2017-04-12 Thread Oleg Andreev
> From: George Kadianakis
> Date: Wed, Apr 12, 2017 at 7:57 AM
> 
> An update:
> 
> After lots of discussions in the Amsterdam Tor meeting, the following
> approach was suggested for cleansing keys of their torsion components
> that is more friendly towards hierarchical key-derivation schemes:
> https://moderncrypto.org/mail-archive/curves/2017/000866.html
> 
> However, my current intuition is to just not do this for hidden service
> ed25519 blinded keys. Those keys are only used for signing descriptors
> which should be safe to do, and we don't plan to use them for D-H any
> time soon.
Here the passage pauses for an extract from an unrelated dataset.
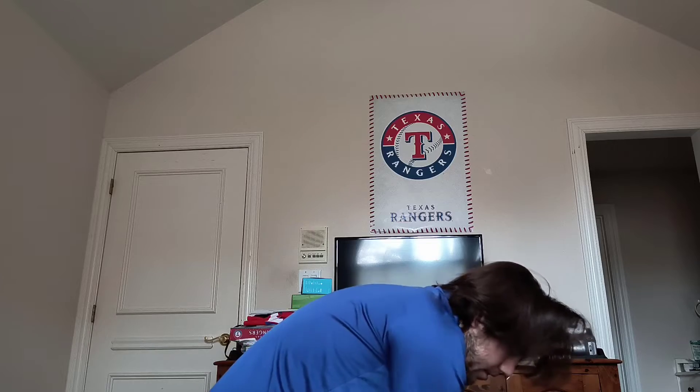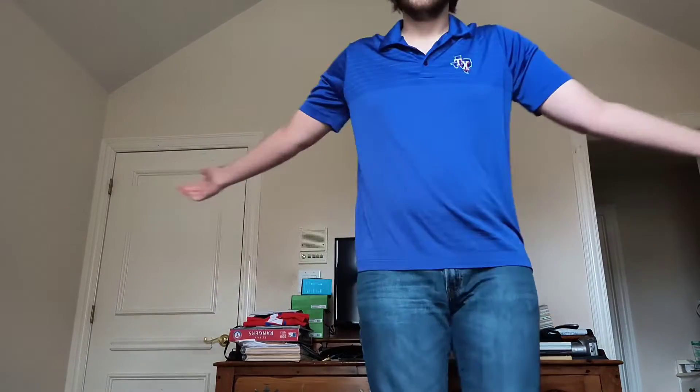So let me put my shoes on. The Griffies, of course. Red, white, and blue Griffies.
If we or some crazy app EVER decides to use those ephemeral
> keys for key exchange, we would need to use a special DH function that
> kills the tensor component of keys before using them, as suggested by
> Trevor here: https://moderncrypto.org/mail-archive/curves/2017/000874.html
> 
> Please let me know if you think this is not a good idea!

Thanks for the update, George.

TL;DR: your scheme seems to be just fine for signatures, and even 
torsion-safety issues are not huge issues IMHO. For wide applicability
reasons, I am trying to make our scheme ChainKD [1] to fit as many 
use cases as possible and therefore very interested in Tor's 
requirements and rationale regarding Tor's key blinding proposal.

L;R:

After studying the situation with key derivation schemes for Ed25519, 
my impression is that the central issue is not even safety, but 
compatibility with existing Ed25519 implementations. People who have 
to integrate a key derivation scheme in their protocol are often not 
the same people who write the underlying primitives such as scalar 
multiplication.

This means, that it's safer to be conservative and keep the derivation
scheme as compatible with EdDSA as possible so that assumptions that 
implementors may take by just reading the EdDSA spec without knowing
about key derivation schemes, do not cause compatibility problems.

Since it's not a trivial task to even learn the landscape of problems
around Ed25519 compatibility- and safety-wise, it'd help if we can
figure all of that once, implement and reuse the result w/o having
to go through this again and again. Hence, our interest in standardizing
the scheme that satisfies as many requirements as possible.


https://xkcd.com/927/


Following the feedback in BIP32-Ed25519 paper [2], I've updated our
ChainKD [1] scheme to make it safely "compatible" with DH use cases 
(among those is asymmetric encryption such as ECIES). 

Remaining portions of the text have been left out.